Percebendo que eu não estava
disposto a recuar e nem a parar de contra-argumentar, o meu interlocutor
pediu que encerrássemos a discussão. Eu já estava alterado. A minha voz já
havia se elevado. É uma droga isso, eu
sei. E é uma das razões por que se deve evitar o confronto tê-à-tête com os dogmáticos, porque, por mais luz que você queira
lançar sobre eles, eles continuarão a querer se manter presos na escuridão; e a
luz só chega aonde a deixam entrar.
Anteontem o discurso de ódio
e de intolerância política baseado em dogmas que proclamam que só no outro
candidato ou nos outros candidatos podem ser encontrados defeitos e em mim não,
só eu presto e estou certo e o outro não, fez mais uma vítima fatal, desta vez
em Confresa, Mato Grosso, onde, segundo investigações da Polícia Civil, um
homem matou a facadas e machadadas um colega de trabalho por causa de uma
discussão sobre os candidatos à presidência da República Luiz Inácio Lula da
Silva e Jair Bolsonaro. O assassino é bolsonarista. E, segundo foi apurado até
agora, não se trata de invenção da Rede Globo.
Bolsonaristas como o sujeito
com quem eu debati, têm um entendimento muito estreito e particular do que seja
liberdade. Na confusa, limitada e torpe avaliação de liberdade que eles sustentam,
só cabem os ideais dogmáticos aos quais eles estão presos; é uma liberdade
opressora que não tolera de maneira alguma a liberdade alheia. Perguntei ao meu
interlocutor, que acredita que, armada, a população pode resistir a qualquer
regime autoritário, se ele sabia que até há pouco o Exército não tinha
conhecimento do número, da quantidade de armas que estão em poder de indivíduos
que se apresentam como caçadores, atiradores e colecionadores e que essas armas
podem estar legalmente chegando a criminosos. É claro que ele não sabia, porque
ele vive numa bolha onde só cabe e entra aquilo em que ele acredita.

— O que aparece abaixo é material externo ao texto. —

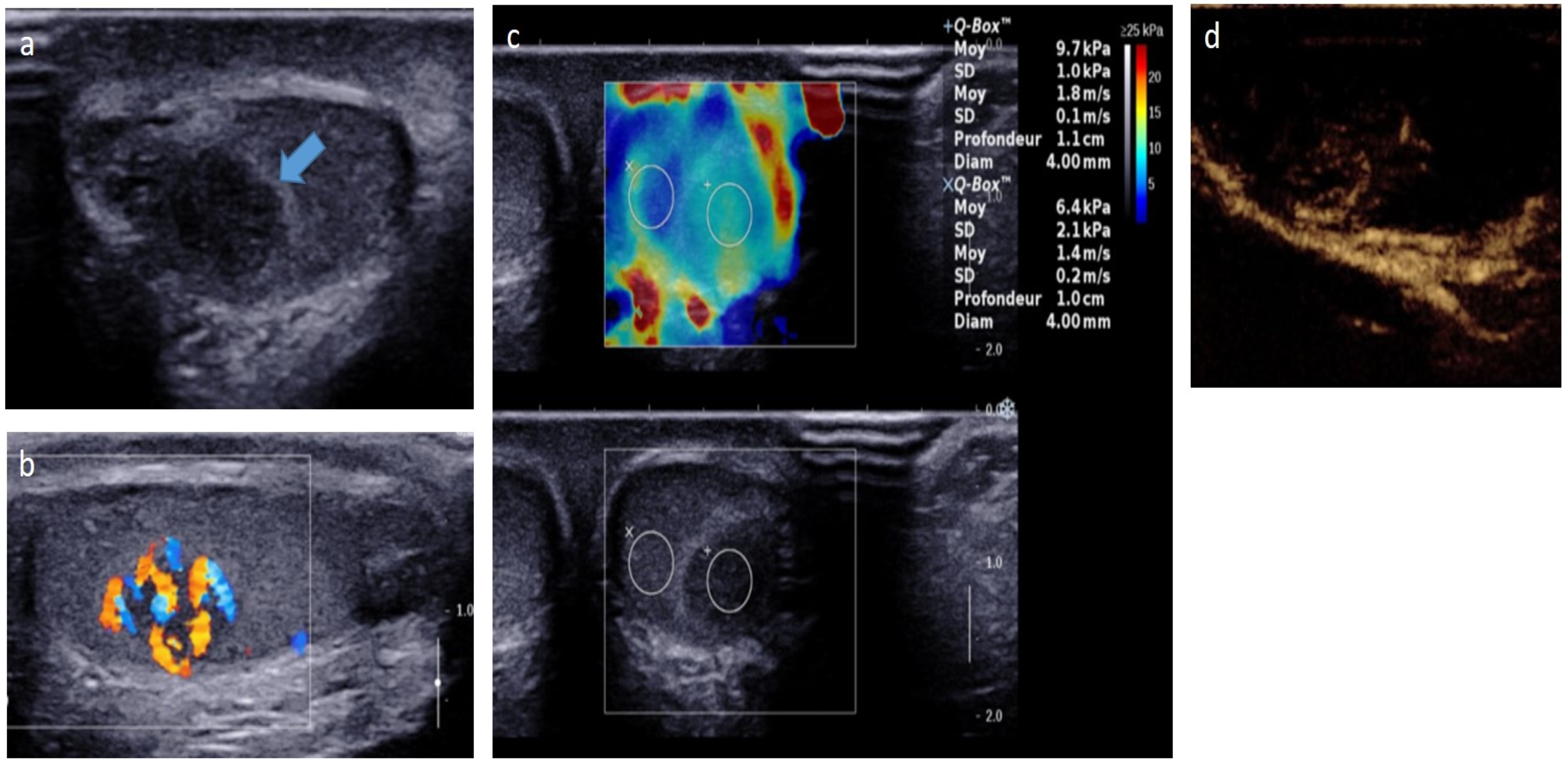 Cancers 14 03180 g005 Cancers 14 03180 g005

Não duvido que, desesperados
pelo que vem dizendo os institutos de pesquisa sobre a intenção de voto, essas
pessoas irão forjar um atentado contra o candidato deles – até hoje é um
mistério a facada que não sangrou em Juiz de Fora –, atentar de verdade contra
o candidato do Partido dos Trabalhadores ou mesmo tumultuar e tentar causar
pane no sistema elétrico para interromper a votação. Esse pessoalzinho
ensandecido é capaz de tudo.
Sim, os ditos imbrocháveis
uma hora brocharão. Mas a semente do mal que eles plantaram já está dando seus
frutos odientos e perniciosos.
Ó Santa e Gloriosa Rede
Globo, livrai-nos de todos esses males! Plim, plim.